In January 1993 Lyons Tetley announced a joint venture with Tata Tea of India whereby Lyons Tetley International would have access to the India tea markets and provide a foundation on which to build an export business to many other tea markets. India is the largest tea market in the world. The aims of this joint venture were to first develop the domestic Indian teabag market and then to build an export market to the Middle East, Central Asia and eastern Europe. Round teabags, or pouches as they were called in India, were produced at a Tata factory in Ghaziabad, just outside Delhi, and were first test marketed in the Delhi and Lucknow regions. Developing these markets from the UK were said to be not cost effective. Because India already had strong links with many of the areas, an alliance with Tata was thought to be a better approach to develop the opportunities emerging. Tata tea was said to be the largest integrated tea company in the world. It had 52 tea estates and one coffee estate in four Indian States, Assam, West Bengal, Kerala and Tamil Nadu. Employing 57,000 people black tea production was 53 million kgs per year. This remarkable growth started in 1962 from a joint venture with tea producer James Finlay & Co. This was established to develop a packet and instant tea for the domestic market but, after the Indian tea industry ran into difficulties in 1980 Finlay decided to pull out and Tata Tea formed their own business in 1983.

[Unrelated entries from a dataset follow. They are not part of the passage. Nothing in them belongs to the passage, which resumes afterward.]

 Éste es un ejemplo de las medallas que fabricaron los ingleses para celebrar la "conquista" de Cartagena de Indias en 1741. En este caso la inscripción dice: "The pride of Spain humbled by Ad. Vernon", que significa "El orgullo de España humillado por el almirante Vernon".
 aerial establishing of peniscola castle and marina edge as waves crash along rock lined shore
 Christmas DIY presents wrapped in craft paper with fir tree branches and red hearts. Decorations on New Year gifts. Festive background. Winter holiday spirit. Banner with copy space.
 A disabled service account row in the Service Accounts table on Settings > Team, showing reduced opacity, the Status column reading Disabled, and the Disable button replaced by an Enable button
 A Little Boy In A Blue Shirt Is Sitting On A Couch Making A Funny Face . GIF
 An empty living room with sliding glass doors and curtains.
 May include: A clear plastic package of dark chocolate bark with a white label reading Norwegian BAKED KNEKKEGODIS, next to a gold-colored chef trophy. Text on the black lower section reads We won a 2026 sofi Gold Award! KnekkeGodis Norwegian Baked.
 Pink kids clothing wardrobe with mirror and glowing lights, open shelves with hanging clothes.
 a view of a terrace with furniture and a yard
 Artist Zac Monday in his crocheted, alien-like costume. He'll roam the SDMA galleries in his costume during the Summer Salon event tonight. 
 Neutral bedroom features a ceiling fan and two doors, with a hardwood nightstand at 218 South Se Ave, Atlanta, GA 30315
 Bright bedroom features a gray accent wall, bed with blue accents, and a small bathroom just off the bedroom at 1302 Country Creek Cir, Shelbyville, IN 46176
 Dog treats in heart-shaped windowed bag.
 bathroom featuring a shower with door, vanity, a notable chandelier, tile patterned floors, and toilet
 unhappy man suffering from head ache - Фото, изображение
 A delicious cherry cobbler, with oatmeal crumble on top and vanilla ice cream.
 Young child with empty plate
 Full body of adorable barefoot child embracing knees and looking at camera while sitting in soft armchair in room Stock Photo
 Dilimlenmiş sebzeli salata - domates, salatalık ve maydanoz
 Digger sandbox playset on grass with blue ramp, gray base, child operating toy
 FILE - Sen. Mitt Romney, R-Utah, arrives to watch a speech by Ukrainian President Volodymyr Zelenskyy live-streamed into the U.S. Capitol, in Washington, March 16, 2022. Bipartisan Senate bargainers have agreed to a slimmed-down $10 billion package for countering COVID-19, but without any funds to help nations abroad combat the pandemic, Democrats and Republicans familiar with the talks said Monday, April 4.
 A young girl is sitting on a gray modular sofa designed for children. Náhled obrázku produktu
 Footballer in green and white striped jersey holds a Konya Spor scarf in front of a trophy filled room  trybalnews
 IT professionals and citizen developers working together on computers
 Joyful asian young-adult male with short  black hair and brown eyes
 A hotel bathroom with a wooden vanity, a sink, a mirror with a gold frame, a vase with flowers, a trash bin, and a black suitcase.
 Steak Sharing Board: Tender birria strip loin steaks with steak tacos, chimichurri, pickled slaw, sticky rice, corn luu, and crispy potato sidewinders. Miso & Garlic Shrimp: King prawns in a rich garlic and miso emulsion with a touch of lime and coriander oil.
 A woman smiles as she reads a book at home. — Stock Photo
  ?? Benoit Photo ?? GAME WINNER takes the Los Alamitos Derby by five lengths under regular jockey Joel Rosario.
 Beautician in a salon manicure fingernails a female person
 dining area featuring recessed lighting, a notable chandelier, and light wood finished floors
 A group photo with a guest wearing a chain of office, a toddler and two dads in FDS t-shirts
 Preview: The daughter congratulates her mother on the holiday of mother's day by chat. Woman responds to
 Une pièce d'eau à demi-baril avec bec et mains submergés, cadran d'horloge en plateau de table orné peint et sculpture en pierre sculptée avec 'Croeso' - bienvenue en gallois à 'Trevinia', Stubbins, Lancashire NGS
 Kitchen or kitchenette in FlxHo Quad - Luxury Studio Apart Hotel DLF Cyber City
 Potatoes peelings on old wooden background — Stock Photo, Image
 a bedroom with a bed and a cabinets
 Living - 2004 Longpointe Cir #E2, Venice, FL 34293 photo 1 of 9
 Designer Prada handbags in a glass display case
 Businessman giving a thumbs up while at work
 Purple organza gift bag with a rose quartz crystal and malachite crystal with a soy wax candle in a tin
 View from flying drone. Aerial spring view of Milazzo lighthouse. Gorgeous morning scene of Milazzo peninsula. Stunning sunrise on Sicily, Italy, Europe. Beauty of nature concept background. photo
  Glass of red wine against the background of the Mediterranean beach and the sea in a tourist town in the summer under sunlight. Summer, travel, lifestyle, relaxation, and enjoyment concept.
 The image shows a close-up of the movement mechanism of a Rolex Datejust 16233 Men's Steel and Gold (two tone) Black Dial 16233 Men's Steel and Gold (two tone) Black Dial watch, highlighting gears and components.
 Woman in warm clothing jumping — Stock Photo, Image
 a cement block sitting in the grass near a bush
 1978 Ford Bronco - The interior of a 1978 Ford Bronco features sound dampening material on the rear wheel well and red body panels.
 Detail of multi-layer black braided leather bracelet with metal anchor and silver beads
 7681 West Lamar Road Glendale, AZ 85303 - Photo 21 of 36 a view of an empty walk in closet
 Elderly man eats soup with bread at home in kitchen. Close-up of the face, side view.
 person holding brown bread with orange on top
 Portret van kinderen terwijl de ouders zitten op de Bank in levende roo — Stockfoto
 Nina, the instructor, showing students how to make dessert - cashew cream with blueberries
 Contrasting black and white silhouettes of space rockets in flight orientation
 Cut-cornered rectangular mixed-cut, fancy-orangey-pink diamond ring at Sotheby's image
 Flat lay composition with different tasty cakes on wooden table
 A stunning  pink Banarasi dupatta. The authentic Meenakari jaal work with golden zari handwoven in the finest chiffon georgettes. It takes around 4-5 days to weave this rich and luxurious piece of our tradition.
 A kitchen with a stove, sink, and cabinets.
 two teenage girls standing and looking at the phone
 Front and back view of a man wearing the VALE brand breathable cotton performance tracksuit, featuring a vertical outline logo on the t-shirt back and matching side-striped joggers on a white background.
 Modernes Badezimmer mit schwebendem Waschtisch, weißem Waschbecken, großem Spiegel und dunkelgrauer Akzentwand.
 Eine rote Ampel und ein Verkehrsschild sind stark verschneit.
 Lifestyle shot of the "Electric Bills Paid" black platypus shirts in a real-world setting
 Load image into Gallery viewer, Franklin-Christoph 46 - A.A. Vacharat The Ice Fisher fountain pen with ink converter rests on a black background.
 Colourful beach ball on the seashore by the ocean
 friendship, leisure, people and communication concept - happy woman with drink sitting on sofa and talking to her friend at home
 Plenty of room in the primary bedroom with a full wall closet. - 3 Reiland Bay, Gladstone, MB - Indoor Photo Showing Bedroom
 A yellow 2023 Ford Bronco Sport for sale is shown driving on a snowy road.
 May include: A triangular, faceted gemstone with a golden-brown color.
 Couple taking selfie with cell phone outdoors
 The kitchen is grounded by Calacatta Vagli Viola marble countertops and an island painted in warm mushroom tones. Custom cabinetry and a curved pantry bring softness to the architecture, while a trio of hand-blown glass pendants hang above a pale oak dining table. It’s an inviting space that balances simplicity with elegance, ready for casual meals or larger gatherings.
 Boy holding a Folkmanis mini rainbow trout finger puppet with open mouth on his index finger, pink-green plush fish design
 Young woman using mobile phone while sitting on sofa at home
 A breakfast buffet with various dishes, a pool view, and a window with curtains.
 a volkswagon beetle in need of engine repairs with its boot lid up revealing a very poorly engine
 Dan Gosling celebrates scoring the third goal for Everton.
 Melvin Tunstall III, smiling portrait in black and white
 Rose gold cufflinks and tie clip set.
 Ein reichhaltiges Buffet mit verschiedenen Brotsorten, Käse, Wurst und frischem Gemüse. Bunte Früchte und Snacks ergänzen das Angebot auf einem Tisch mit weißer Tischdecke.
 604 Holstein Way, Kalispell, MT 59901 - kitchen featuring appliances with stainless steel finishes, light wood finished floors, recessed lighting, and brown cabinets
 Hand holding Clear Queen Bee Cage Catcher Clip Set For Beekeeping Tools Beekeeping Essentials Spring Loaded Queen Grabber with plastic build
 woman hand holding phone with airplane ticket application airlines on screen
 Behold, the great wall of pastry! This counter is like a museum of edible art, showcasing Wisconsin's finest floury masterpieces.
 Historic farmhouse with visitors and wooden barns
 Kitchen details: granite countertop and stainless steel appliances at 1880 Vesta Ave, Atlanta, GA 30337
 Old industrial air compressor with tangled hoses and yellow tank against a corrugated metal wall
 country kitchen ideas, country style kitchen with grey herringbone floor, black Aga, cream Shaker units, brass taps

J. Lyons & Co (I. F. S.) Ltd

The Irish company was formed in 1932 under the name of J. Lyons & Co (I. F. S.) Ltd and was situated in Dublin. Its main activity was blending, packaging and selling tea and other grocery products. Green Label tea was the most successful blend which sold widely throughout Ireland both north and south. However, Lyons had a number of other small companies in Ireland: Hotel Russell Ltd, Old Ground Hotel Ltd and Robert V. Moore (Dublin) Ltd. See also Gateaux Ltd a large cake producer whose Molly O'Rourke cake sold in many parts of the world particularly in Australia and New Zealand.

Other Countries

The J. Lyons name was registered in many countries across the world including Norway, Luxembourg, Switzerland Japan, Venezuela, Cyprus, New Zealand and many others. Some were established to manage Wimpy and Ice Cream franchises and others were registered to protect trade marks. These companies are not listed here but some are listed under Miscellaneous Businesses. The American companies are listed separately under Subsidiary Companies and include: Baskin-Robbins, Chock Full o' Nuts, DCA and Dunkin' Donuts.